Your defined benefit superannuation pension may have a tax free component calculated under the tax law by your defined benefit pension provider. Whether you have a tax free component, and the value of the tax free component, will depend on your individual circumstances.

If you have a tax free component, this is regarded as a deductible amount for income support pension purposes, and reduces the amount of your assessable income. For example, an annual superannuation of $5000 less an annual deductible amount (tax free component) of $100 is divided by 26 fortnights.

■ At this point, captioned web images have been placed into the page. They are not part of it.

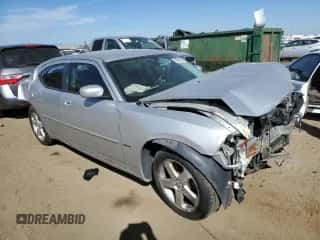 2008 Dodge Charger R/T with VIN 2B3KK53H18H271708, listed as a Copart auction lot 69840394 with Not provided miles and Salvage title. Bid and sale history available at DreamBid. Image 4.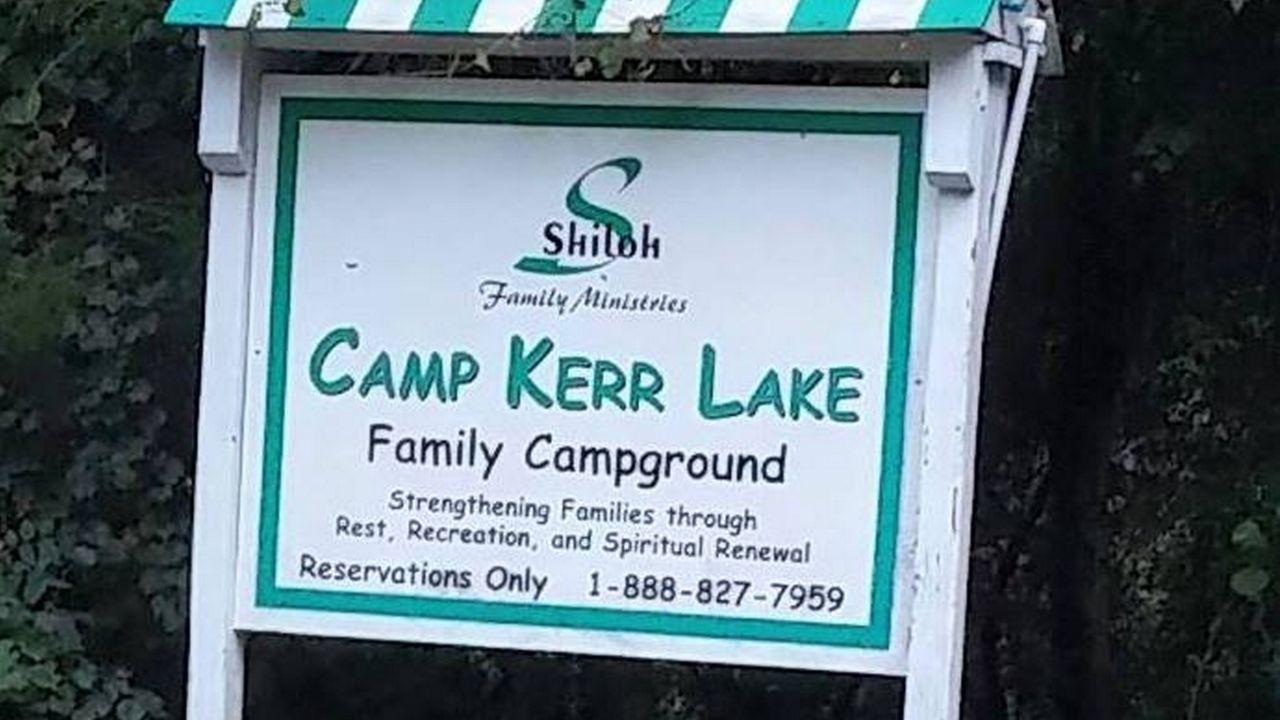Camp Kerr Lake
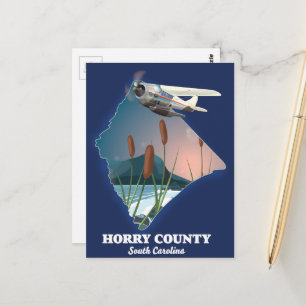 Horry County south Carolina Postcard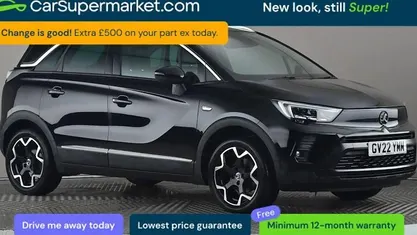 Used Vauxhall Crossland Ultimate 131 HP (96 kW) 2024 SUV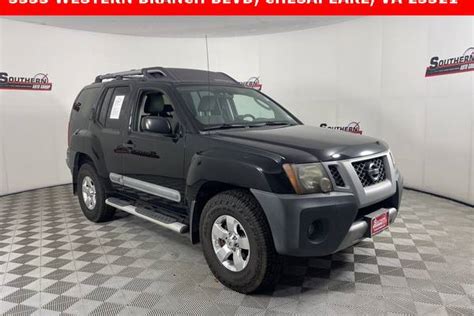 Used 2011 Nissan Xterra Specs Features Edmunds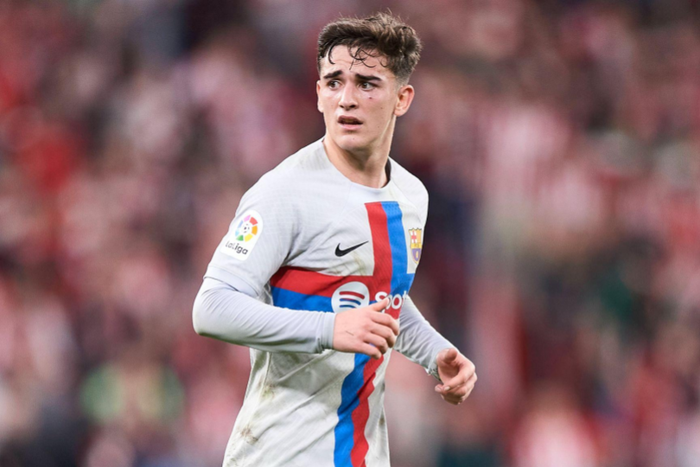 Barcelona midfielder Gavi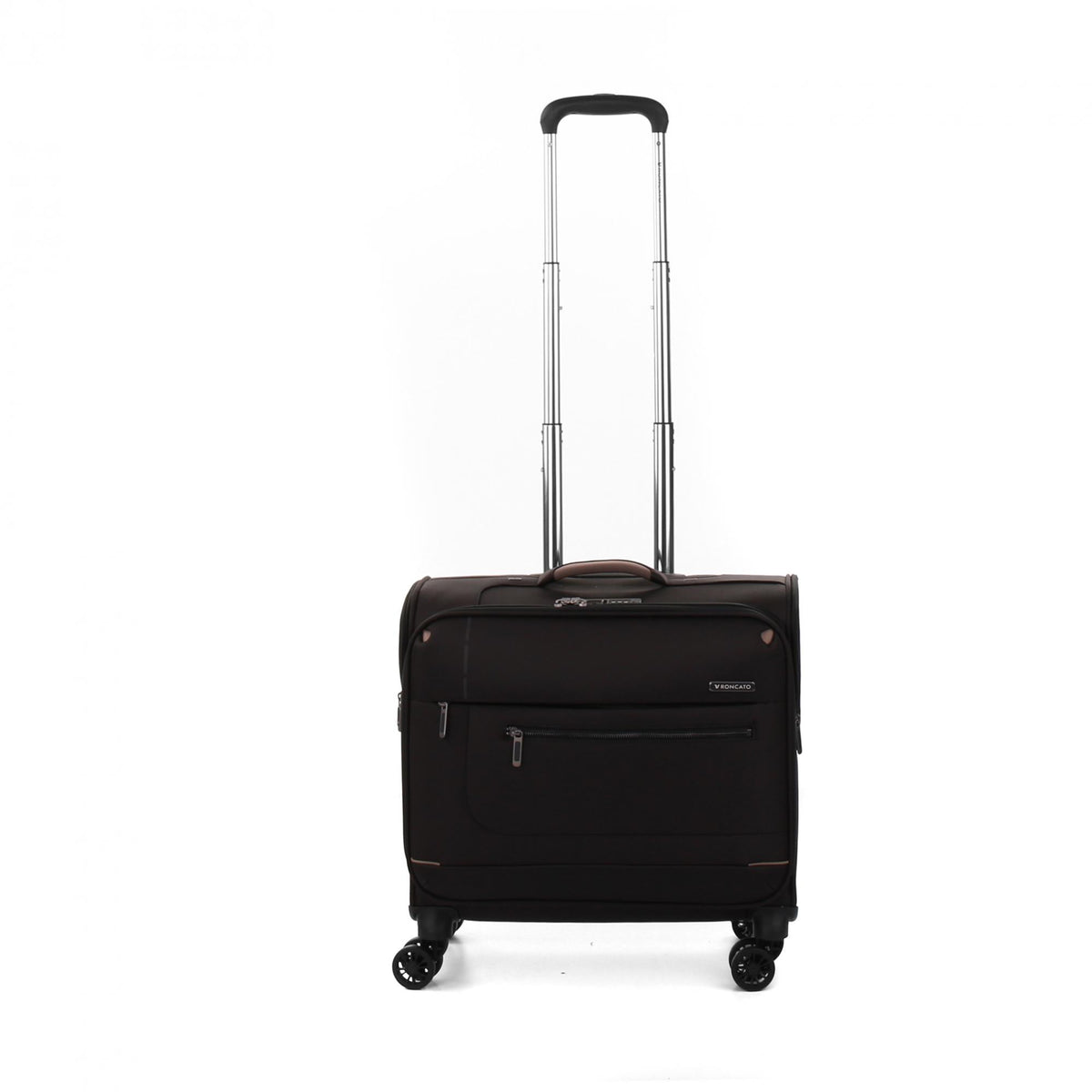 Black Roncato Sidetrack Business Trolley PC 17", laptop bag polyester – view 2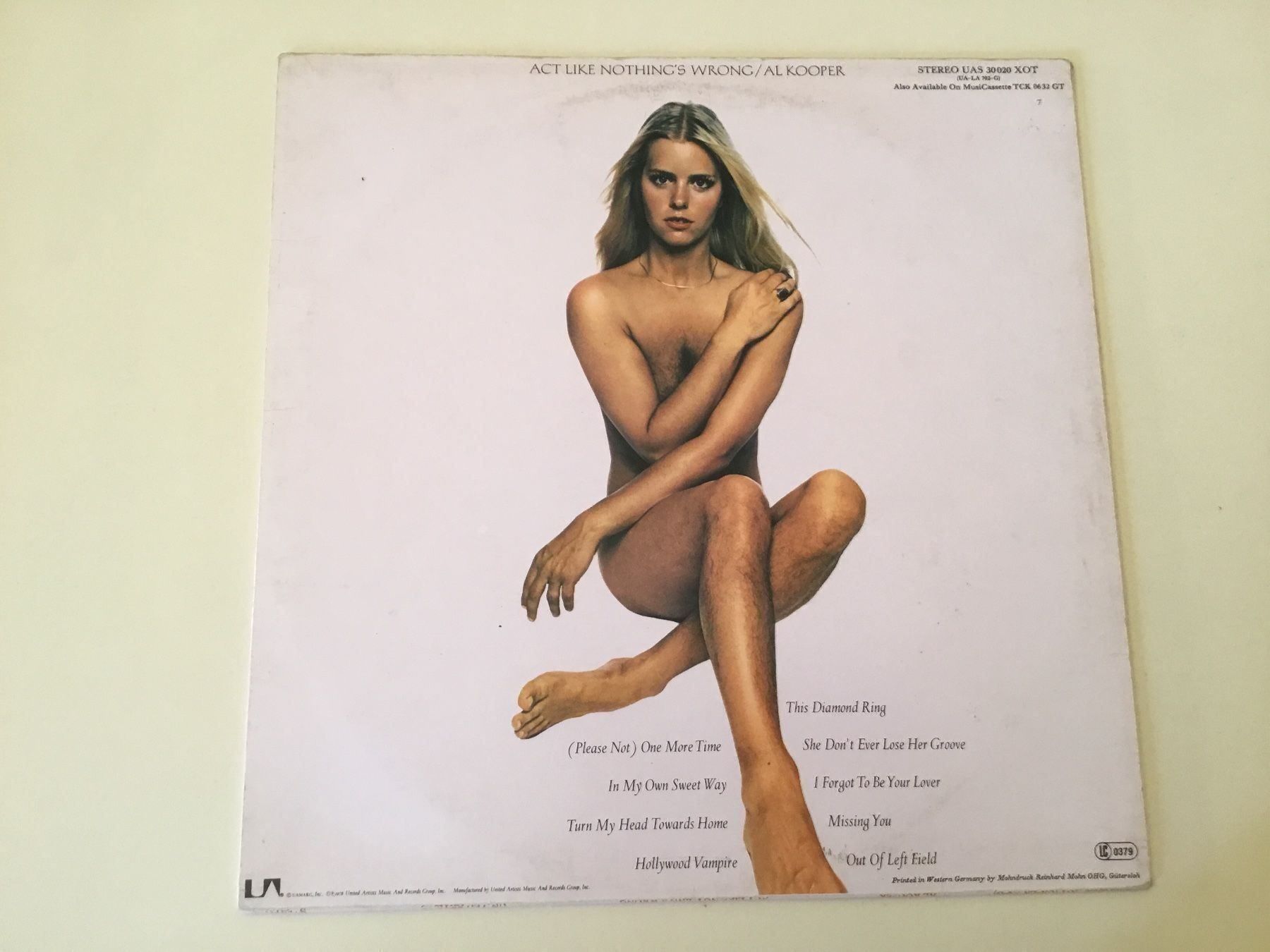 Dischi in vinile: Al Kooper / Act like nothingˋs wrong – Usato da Kreuzlingen venduto da Schuggerman 1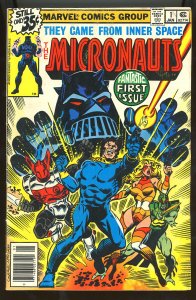 Micronauts #1 (1979)
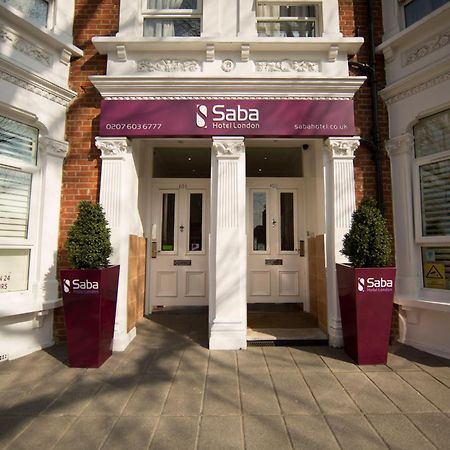 Saba Rooms And Apartments Londyn Zewnętrze zdjęcie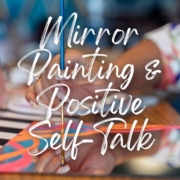 Mirror Painting and Self-Talk class icon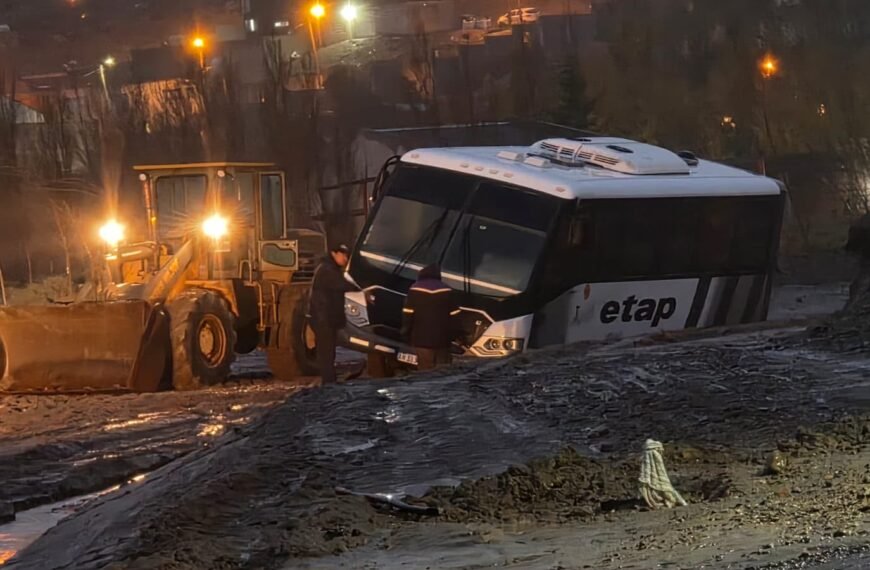 Cayeron 25 milímetros en Comodoro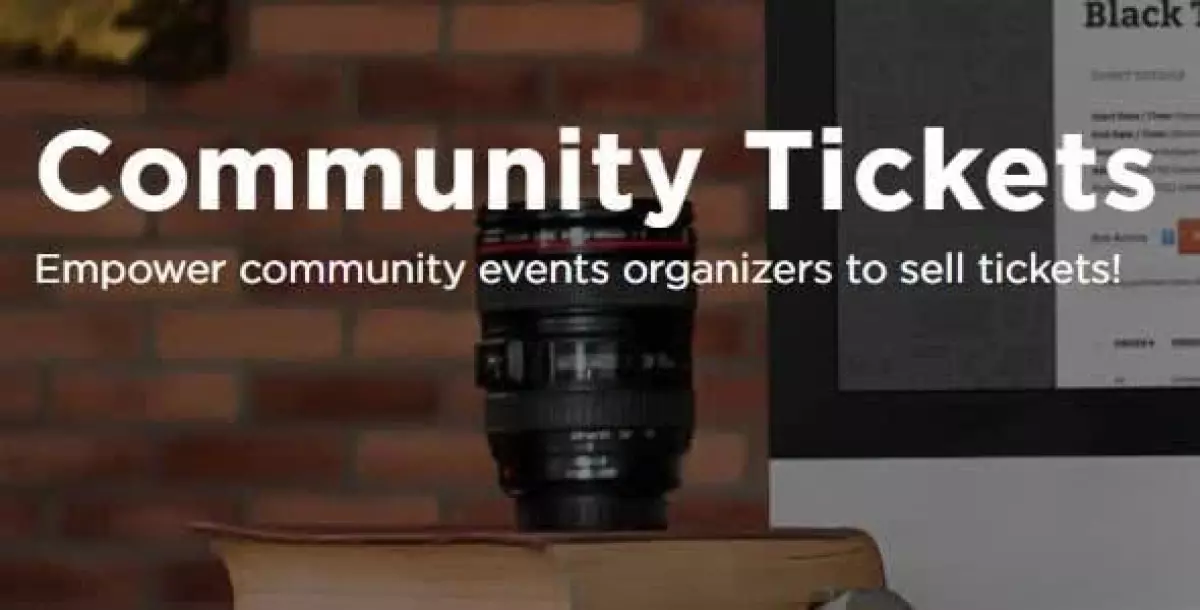 The Events Calendar Community Tickets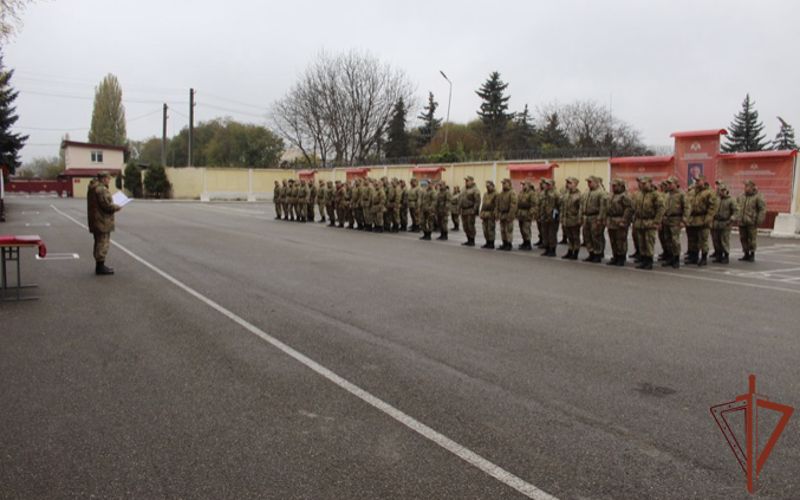 Мероприятия акции «В память о военной службе в Росгвардии» проходят в Северо-Кавказском округе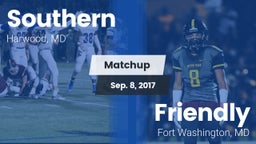 Matchup: Southern vs. Friendly 2017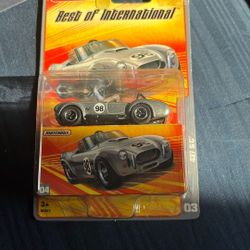 Matchbox Shelby Cobra 427  S/C—-Toy
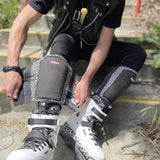 SKA920124 ENNUI Park Shin Guards Chris Farmer Pro Schienbeinschoner | Black&White Schoner Schützerset Gelenkschutz Schützer Schoner Inliner Schoner Inline Schützer protectors skate Skate Schützer Inliner Schützer Schutzausrüstung Fingerschutz Handschuhe inline skating inliner inlineksaten rollerbladen rollerskaten Inlineskates Rollerblades Fitness Skates Slalom Skates rollerblades rollerblading inline skating Lörrach Freiburg Basel Inliner Skateschule und Skateshop Weil am Rhein SkaMiDan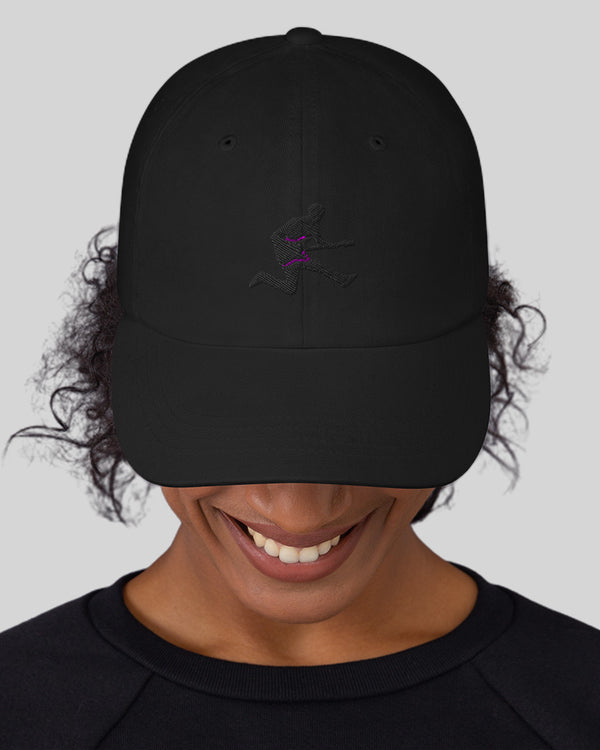 Fly High: Baseball Hat - Black - Photo 1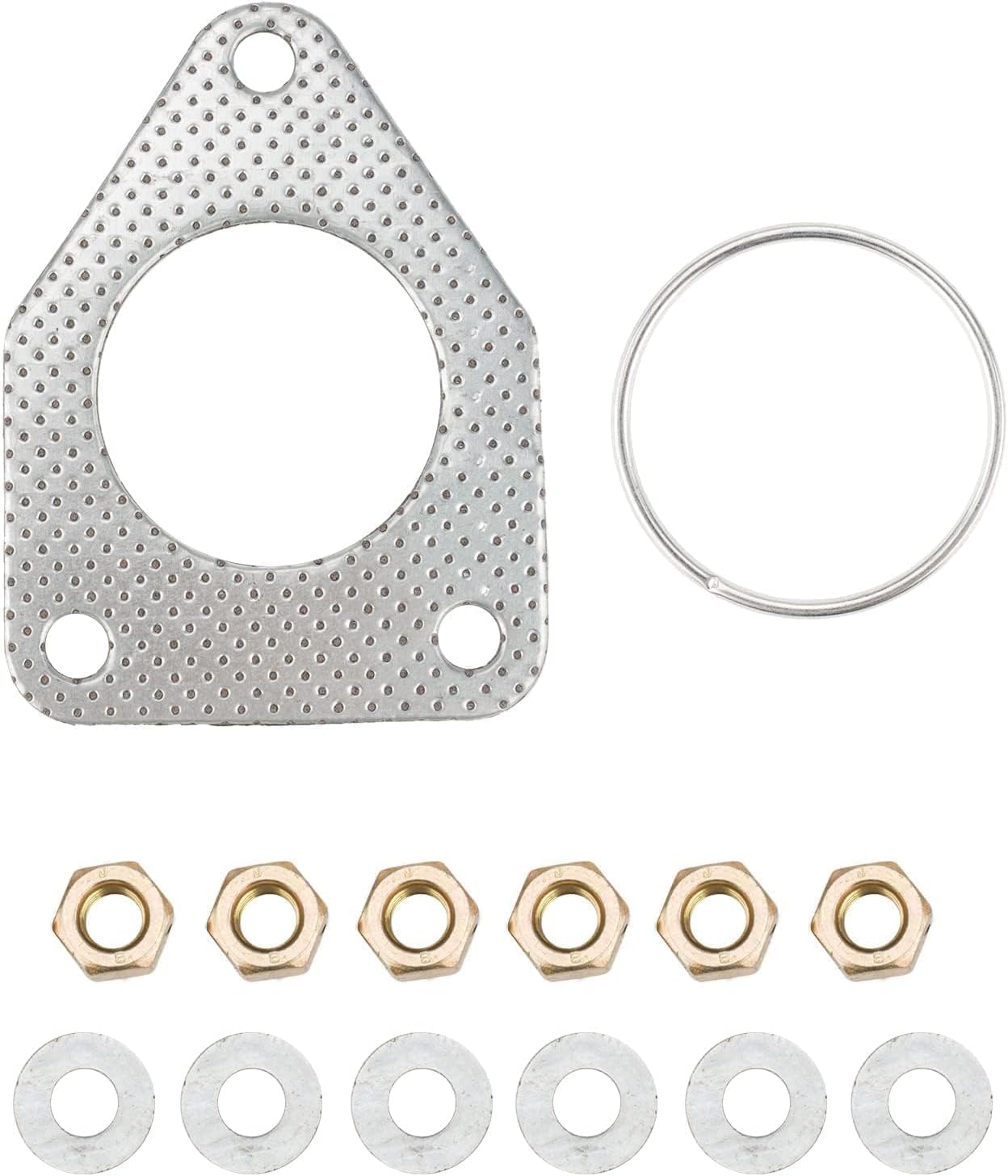 KAX Catalizador compatible con Acura 1999-2003 TL, 2001-2003 CL 3.2L, Odyssey 3.5L 1999-2004, Accord 3.0L 1998-2002, 16369 acero inoxidable 1 pieza
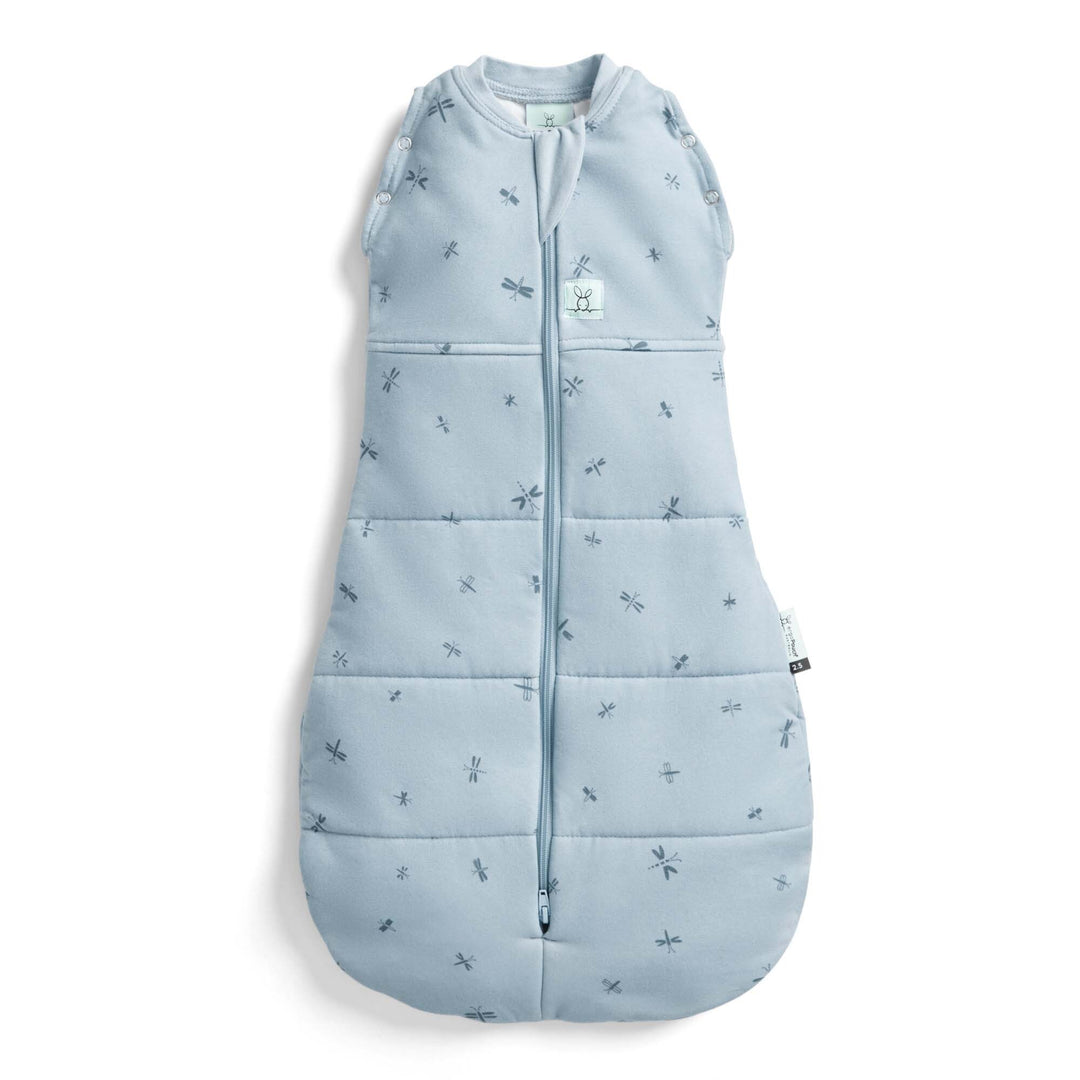ergoPouch -Cocoon Swaddle Sack 2.5tog Dragonflies 6-12M R432 Cocoon Swaddle Sack 2.5tog Dragonflies 9352240022634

$5000 - $100 ÷ 26 = $188.46 per fortnight

Obligations in relation to superannuation pensions paid from defined benefit schemes

You need to tell us if:

  • you start receiving superannuation payments; or
  • your superannuation payments increase.

You need to tell us within 14 days (28 days if you live overseas or receive remote area allowance) of the changes.

Social security age pensioners (paid by DVA) have the same obligations except that if you receive remote area allowance you need to tell us within 14 days of the event not 28 days.

If your pension assessment includes Australian Government (ComSuper) or the Defence Forces Retirement and Death Benefit (DFRDB) or State Government superannuation, you do not need to tell us about indexation changes to these benefits.

Other income streams

(eg purchased superannuation pensions, market linked pensions, allocated pensions, account based pensions, immediate annuities and allocated annuities) (See also Managed Investments later in this chapter)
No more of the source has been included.